Fourthly, militarily IEA is faced with operational vulnerabilities. A resurgent IS-K; TTP a force-in-being, able and willing to interfere and influence Afghanistan’s domestic politics (due to its wartime camaraderie with Afghan forces, its combat potential, its recruitment, and the fear of it joining the IS-K); a latent insurgency in the northern Afghanistan; lack of IEA’s alliances and support due to non-recognition; and Afghanistan’s not so robust economy. Afghanistan like in the past will not pursue open and sustained hostilities with Pakistan, except border shelling (as continues), and the use of TTP proxies inside Pakistan.

Following on from the above essential background, the suggested contours of entailing policy should be as follows.

One, staying the course. Pakistan should continue to demonstrate its resolve militarily through IBOs and strikes, as possible and necessary...without making noise and under any ‘possible’ tacit arrangements with elements within the Emirate.
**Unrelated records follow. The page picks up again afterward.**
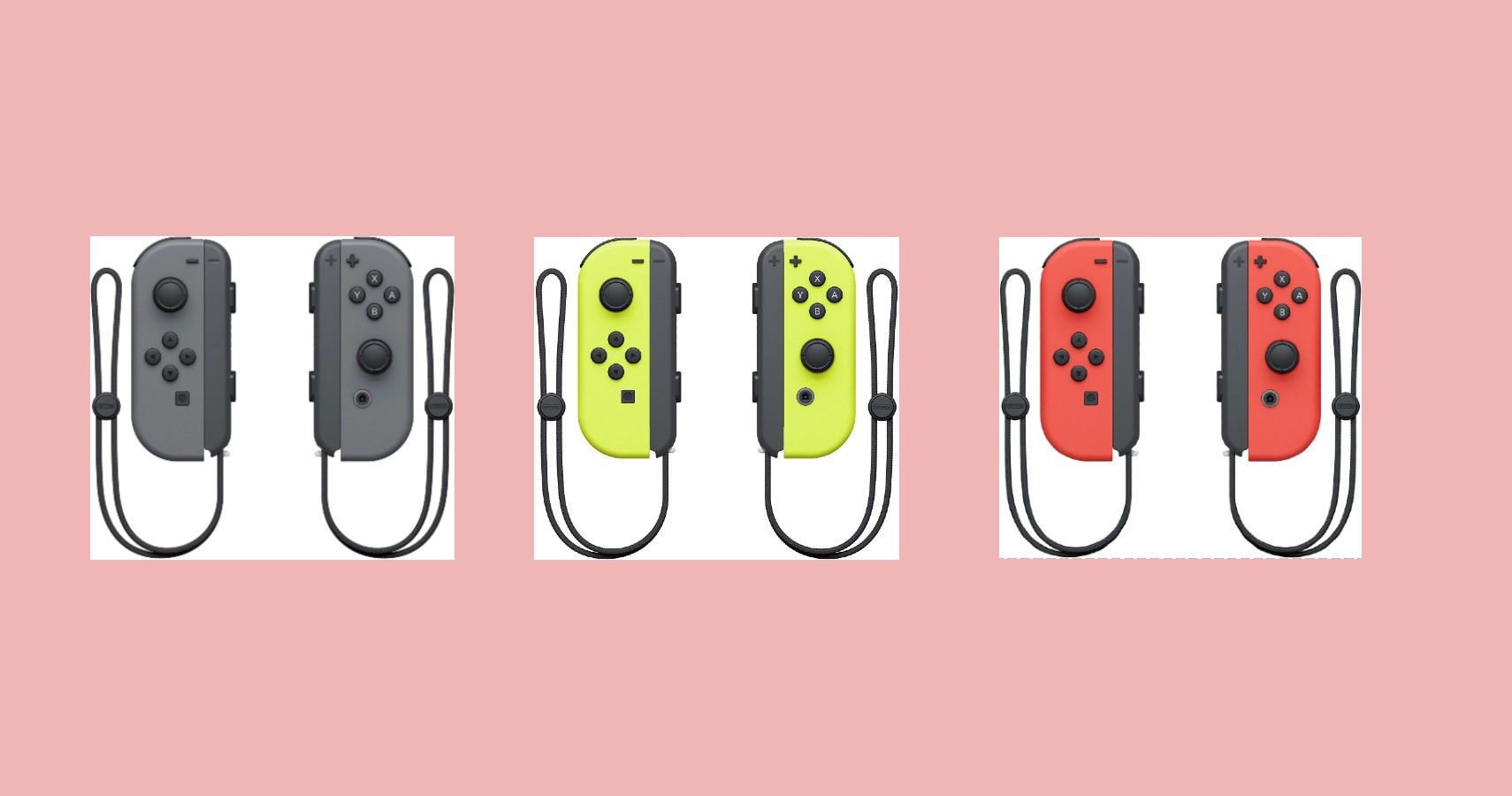 Nintendo Ends Production On Three Joy-Con Colors For the Switch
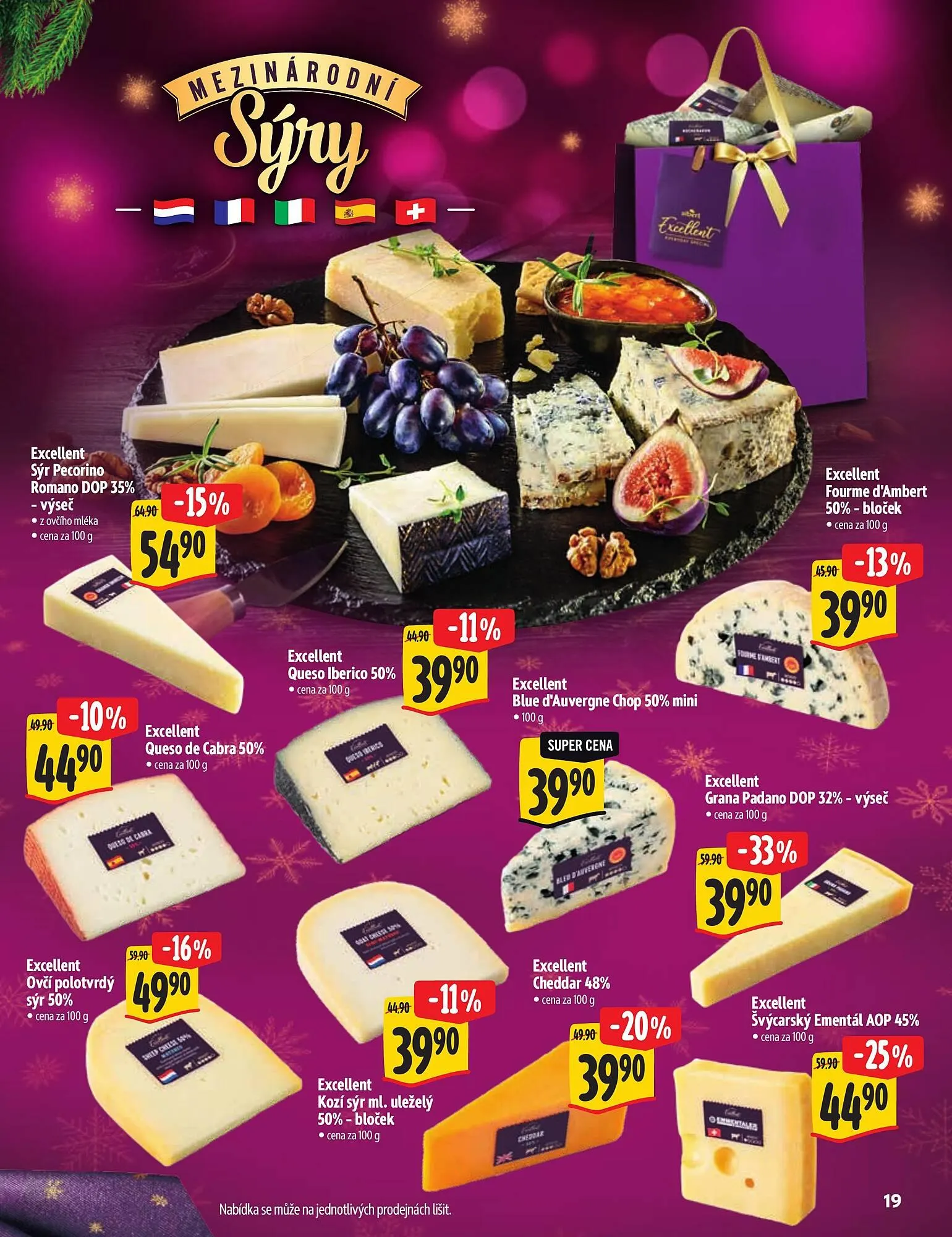 Albert leták - 3. prosince 31. prosince 2025 - Page 19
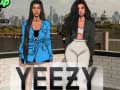 Spiel Yeezy Sisters Fashion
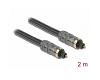 Delock Toslink Fiber Optical Cable 2m (86984)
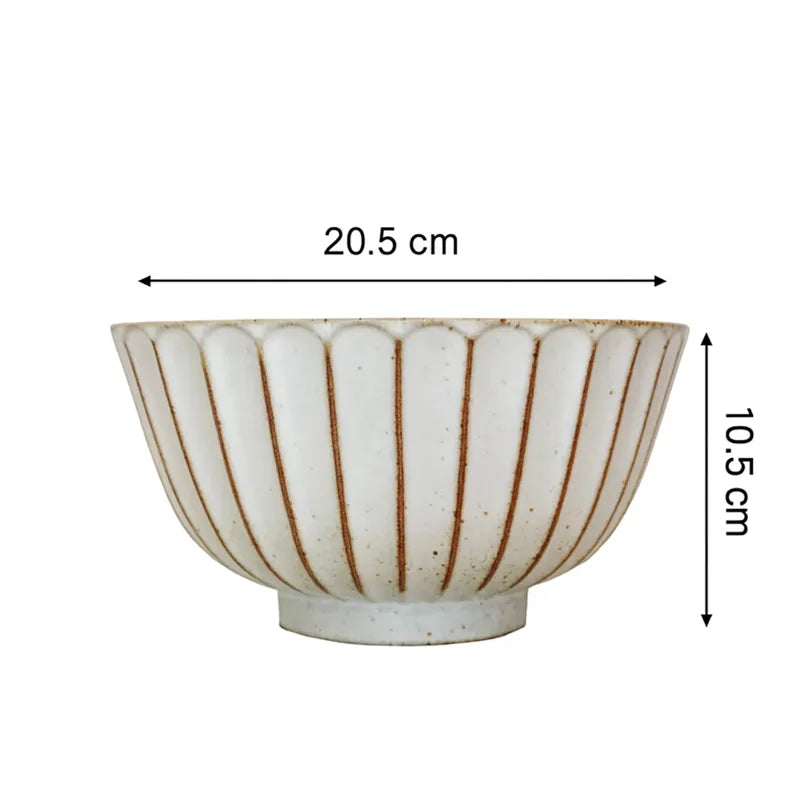saladier moderne blanc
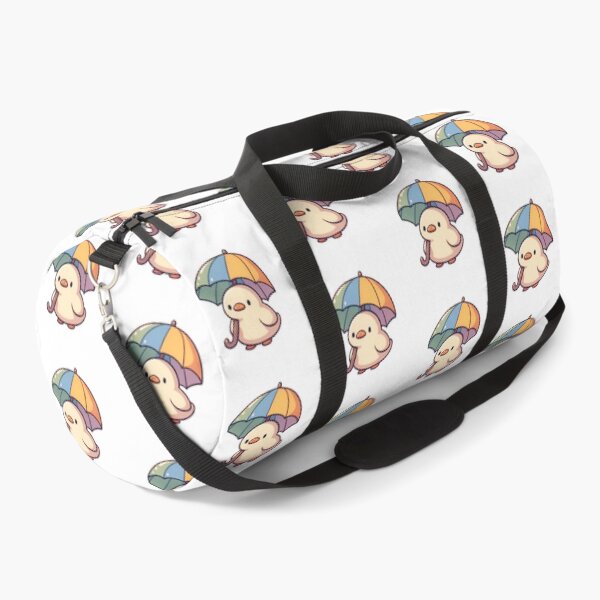 Item preview, Duck holding umbrella designed and sold by UmbrellaStudio1.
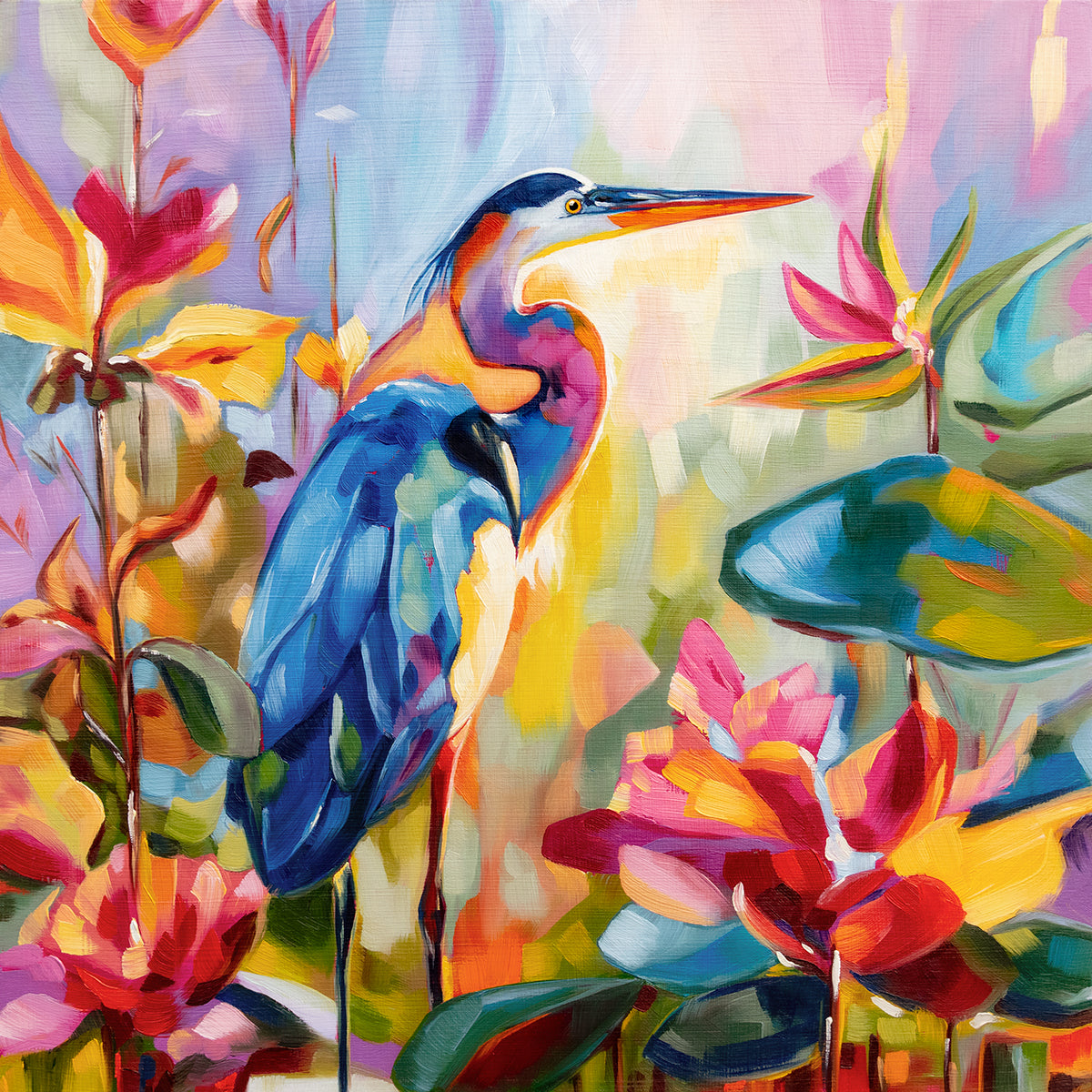 Blue Heron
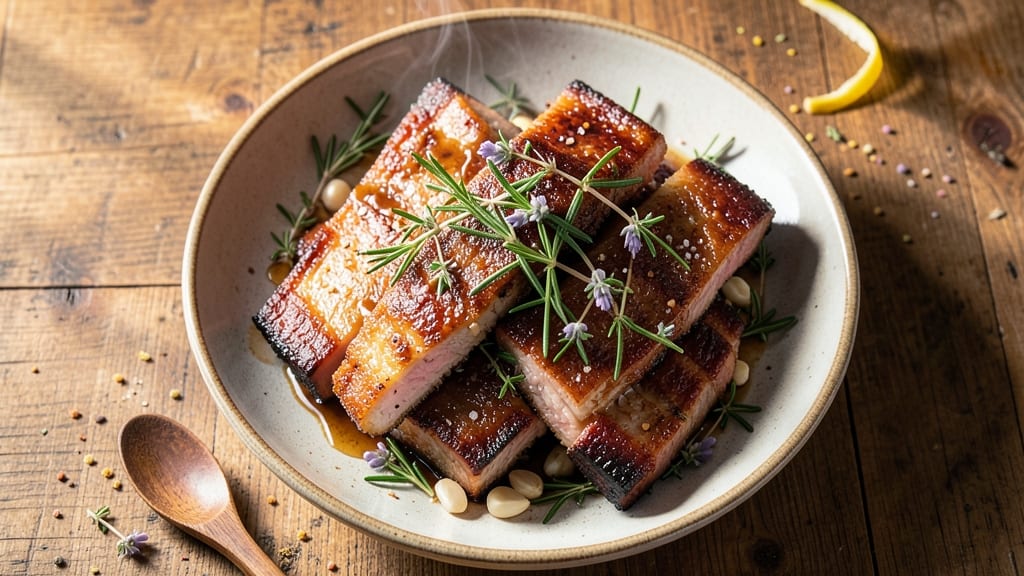 Boneless Pork Loin Back Ribs Recipe: Herb-Crusted Roast With Clockwork Sear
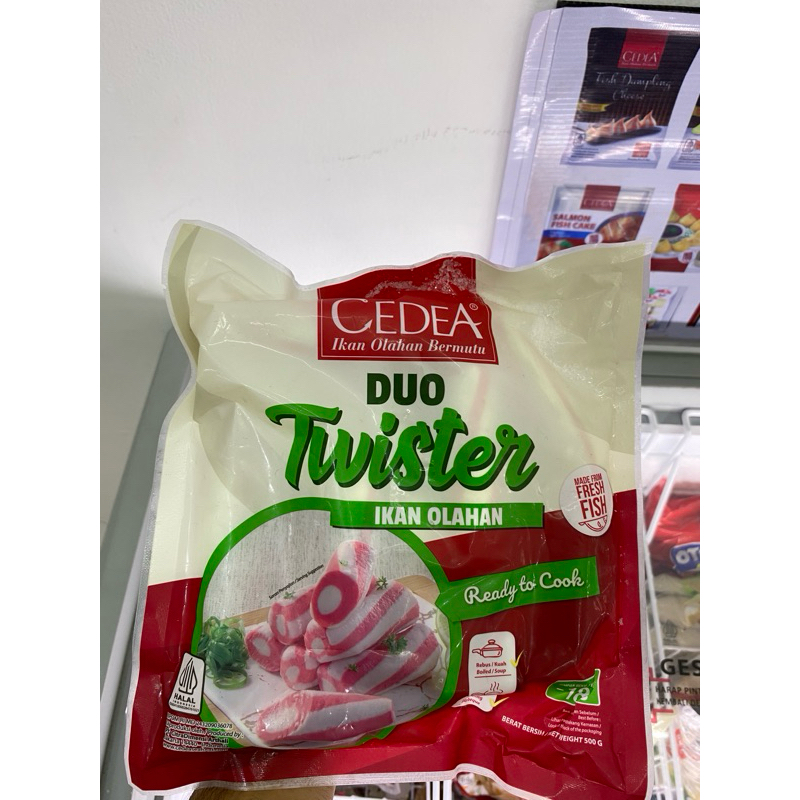 

CEDEA DUO TWISTER 500gr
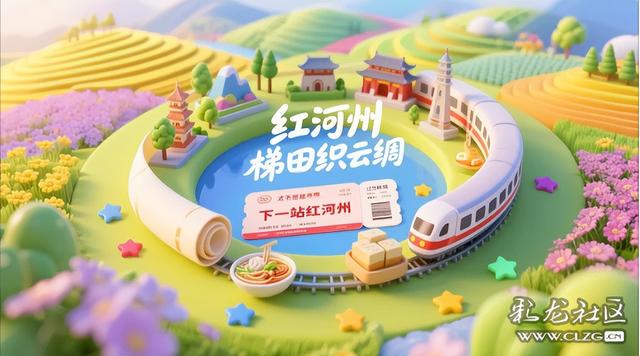 AI微缩场景——解锁云南各州市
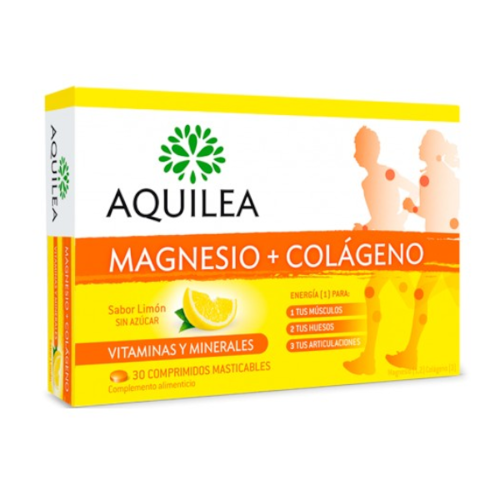 AQUILEA Magnesio + Colageno 30 tabl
The IEA is not a monolith and there are sympathetic voices within the interim Afghan political dispensation…who a) understand Pakistan’s predicament, b) do not agree with the puritan Qandahar, c) realise the negative potential of TTP (its ability to obviate IEA control over the entire Afghan territory and the potential split with Pakistan…IEA’s only ‘indispensable’ interlocutor), and d) want to get rid of TTP, a legacy issue to focus on governance, economy and IS-K. It is instructive to realise that Pakistan’s sustained pressure divides IEA, to Pakistan’s advantage.

Two, continue with ‘religious diplomacy’. Using the good offices of JUI — all factions — especially the Darul Uloom Haqqania in Akora Khattak, KP and other seminaries all over Pakistan, in order to plead Pakistan’s case in a sustained manner with the Amir-ul-Momineen, the venerable Moulvi Haibatullah Akhundzada, and his inner circle.

Three, diplomatically, avoid statements and briefs. Sometimes keeping quiet and pursuing a course of action quietly helps yield results.

Four, sociologically and in the media, pursue a narrative that builds on Pakistan’s goodwill towards Afghans and Afghanistan historically, with “Islamabad always offering humanitarian aid and other possible help; whereas ‘certain Afghans’ continue to demonstrate recalcitrance and inability or unwillingness to return Pakistan’s favour, violating Pashtunwali’s bedrock tenet shegara (favour), and other Islamic fraternal obligations.” Continue to remind the Afghan brethren the folly and short-sightedness of following an anti-Pakistan policy, focusing on TTP, as a single-point agenda.

Five, hold the nerve. Afghanistan is not Iran, and Pakistan is not the infidel foreign occupation force, with lackluster interest in the region. Pakistan above all has a ‘just cause’ like IEA did while fighting the foreign forces. There is no reason to go for appeasement, quick de-escalation, and other ill-thought measures under the influence of this or that lobby. Pakistan’s strategic dividend, temporarily suspended, will be restored.

We must have the belief that just like Afghans prevailed in their decades-long struggle against the occupation forces with the help of Pakistan and their just cause, so would Pakistan against the proponents of hostility in Pak-Afghan bilateralism. This essentially is transient tarboorwali — the cousin rivalry!

Published in The Express Tribune, March 21st, 2024.